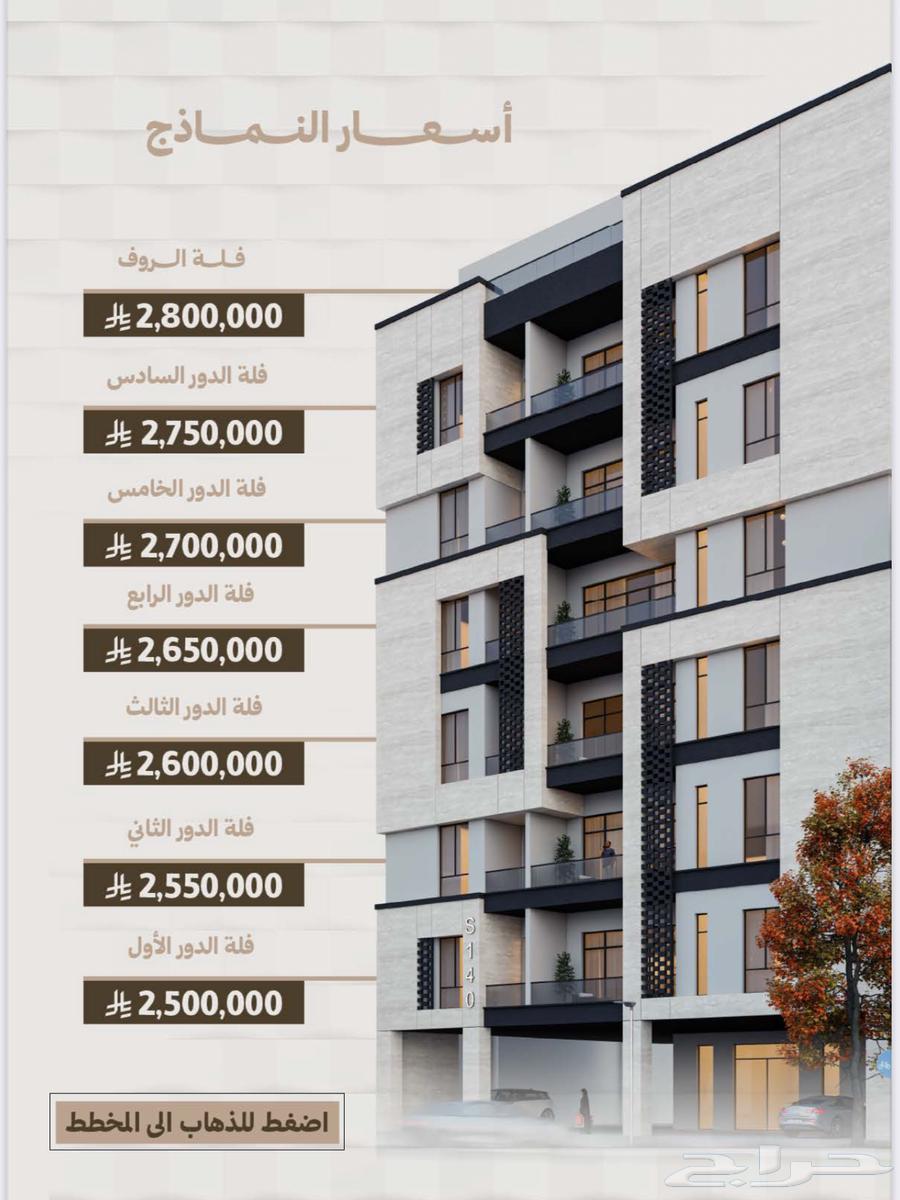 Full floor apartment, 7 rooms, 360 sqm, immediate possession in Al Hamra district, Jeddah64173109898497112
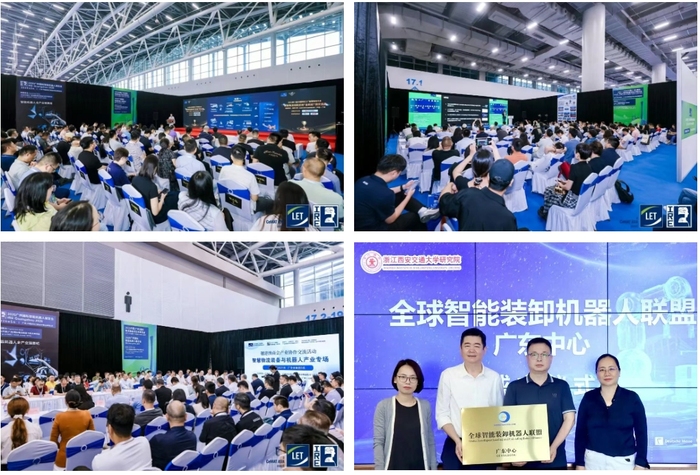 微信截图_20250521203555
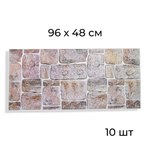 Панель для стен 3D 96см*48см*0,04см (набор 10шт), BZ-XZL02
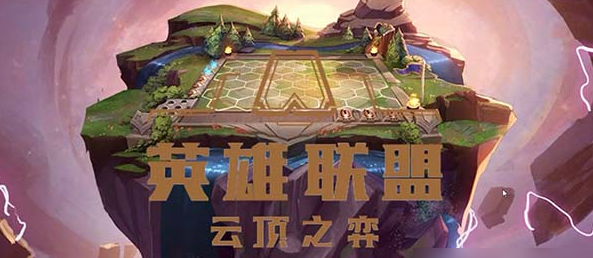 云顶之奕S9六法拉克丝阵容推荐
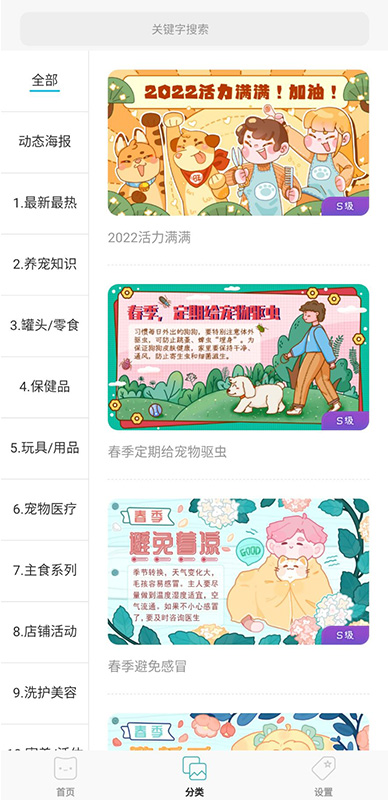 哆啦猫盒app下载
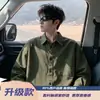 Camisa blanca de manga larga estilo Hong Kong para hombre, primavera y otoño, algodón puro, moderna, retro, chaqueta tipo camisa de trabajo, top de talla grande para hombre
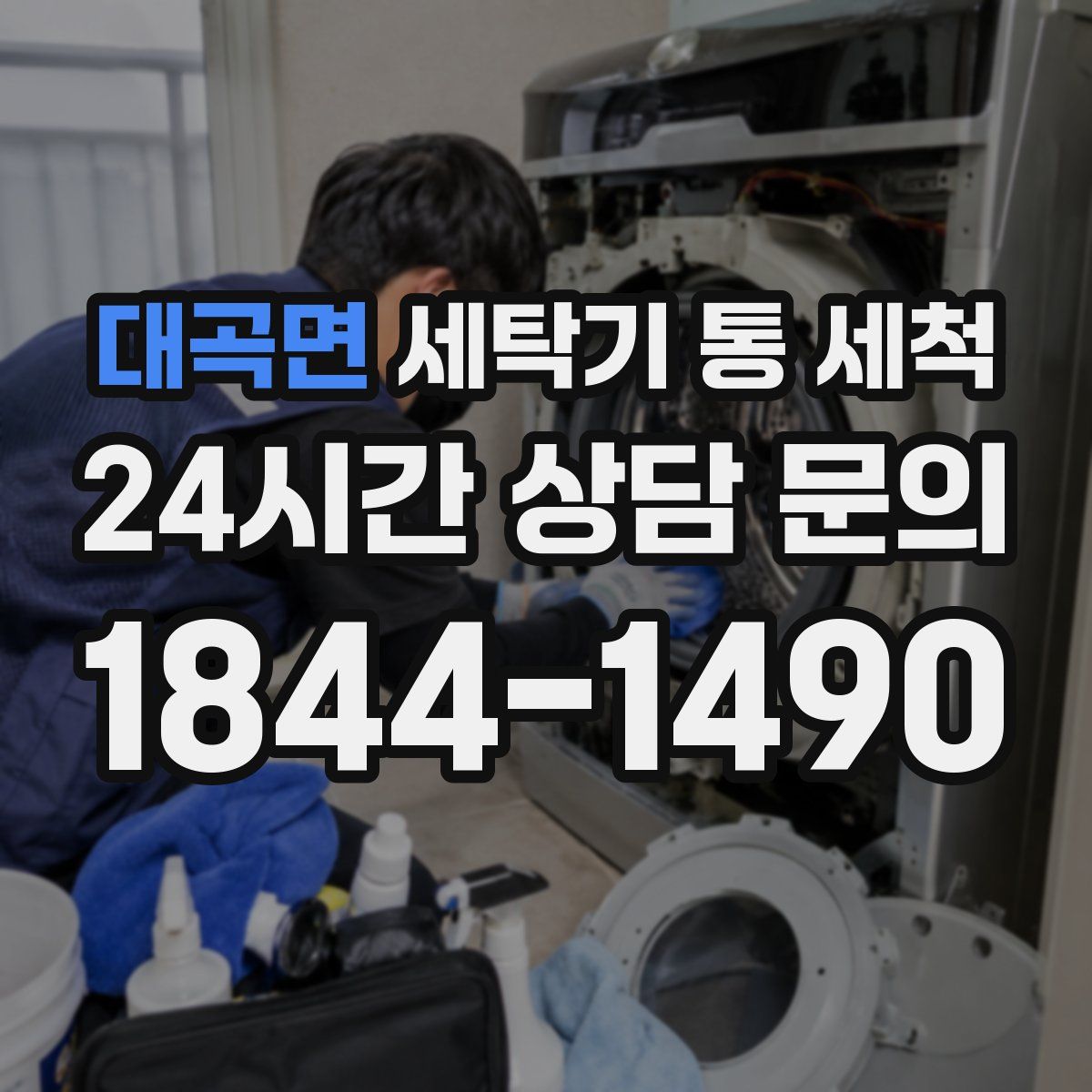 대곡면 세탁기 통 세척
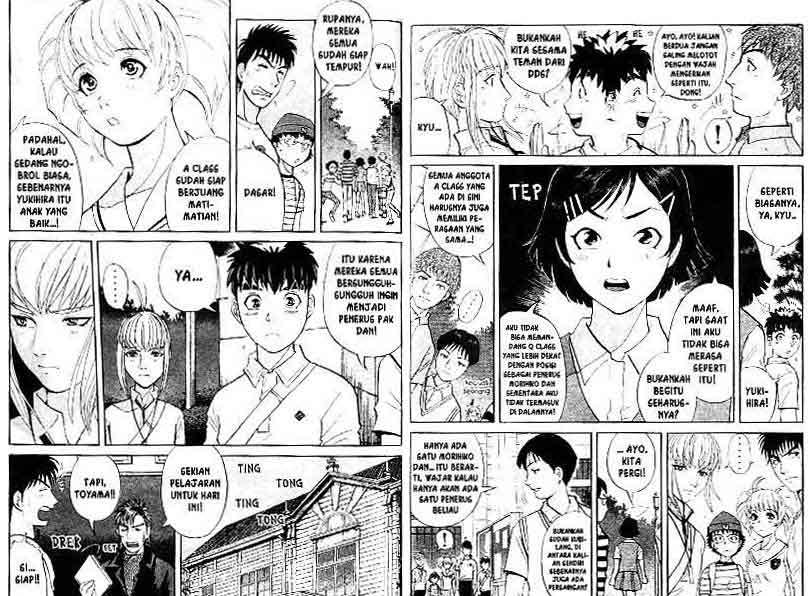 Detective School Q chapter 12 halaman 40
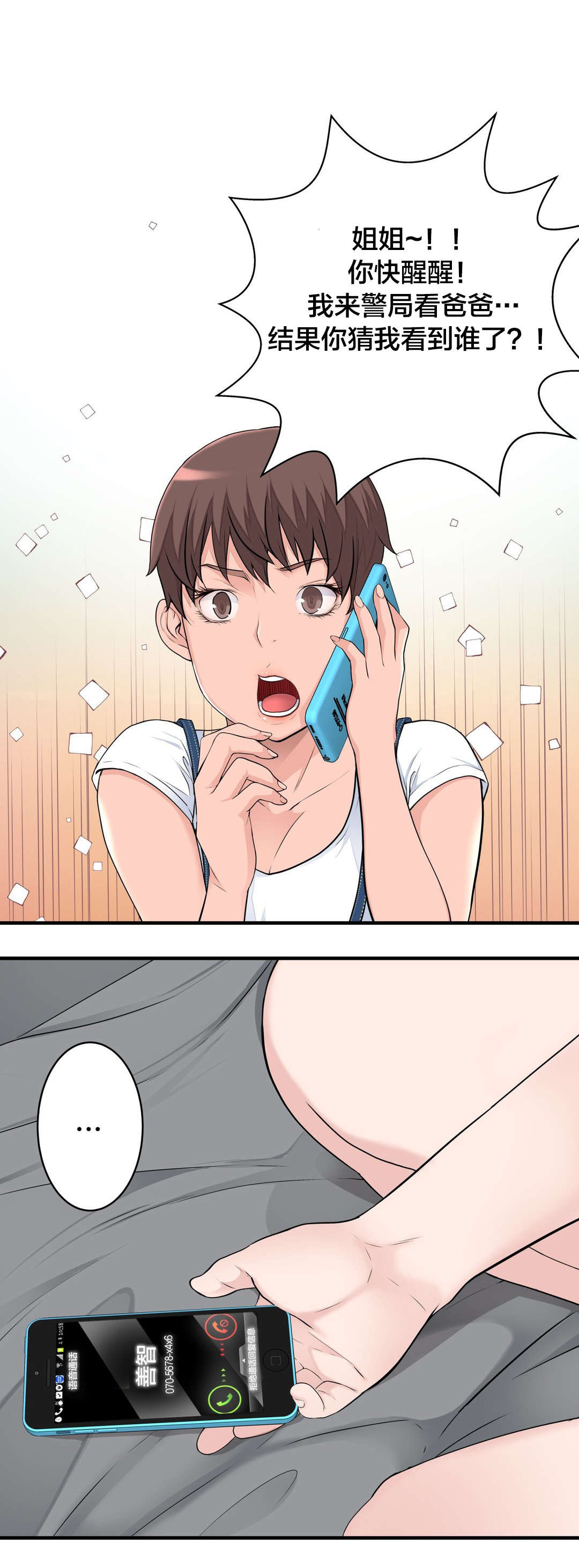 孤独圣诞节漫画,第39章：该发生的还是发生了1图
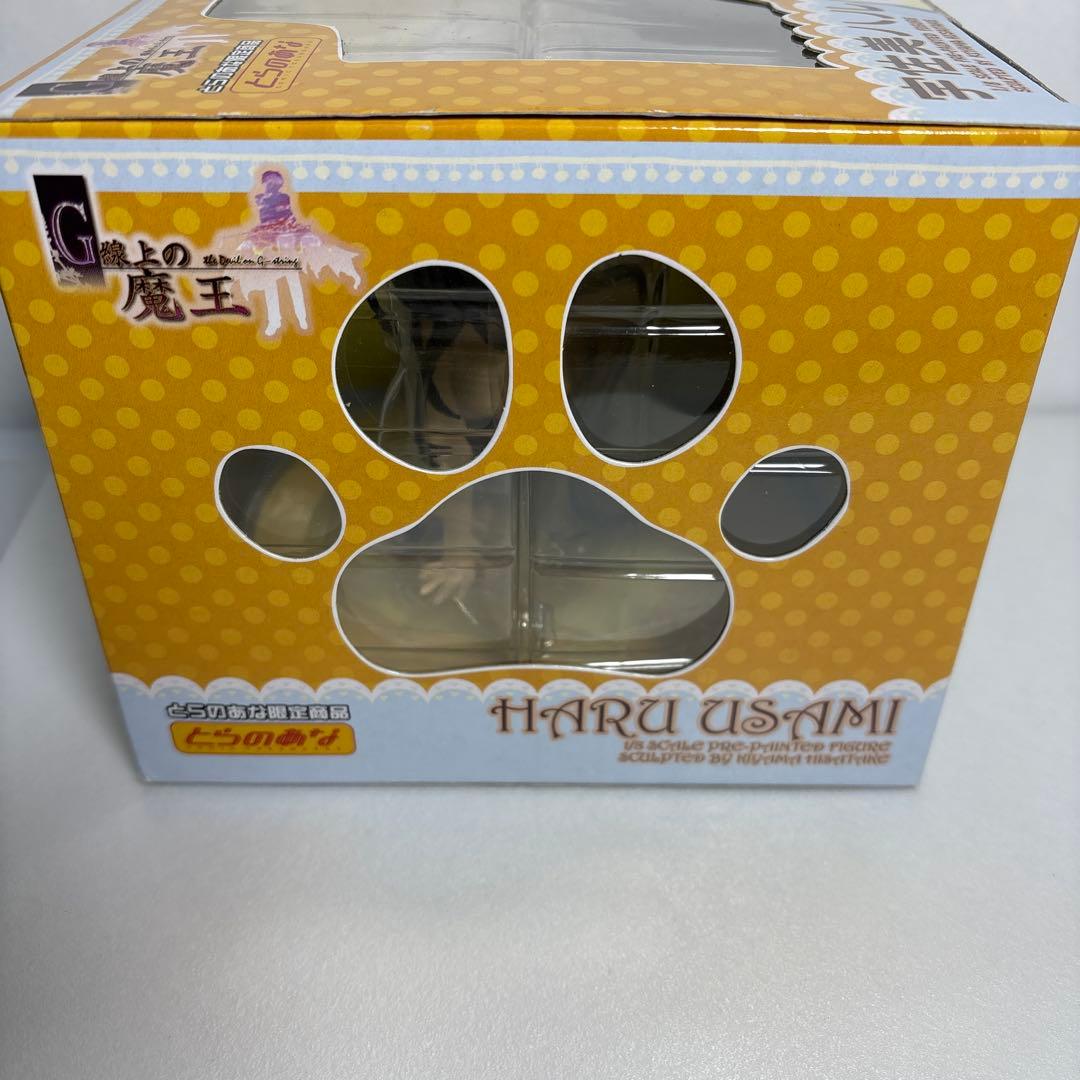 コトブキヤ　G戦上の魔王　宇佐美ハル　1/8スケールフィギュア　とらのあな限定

-------

Only the lines from the one with "Detective School Q chapter 12 halaman 40" through the final line of the entries above are to be repeated, exactly as written and without pictures.

 Detective School Q chapter 12 halaman 40
 孤独圣诞节漫画,第39章：该发生的还是发生了1图
 コトブキヤ　G戦上の魔王　宇佐美ハル　1/8スケールフィギュア　とらのあな限定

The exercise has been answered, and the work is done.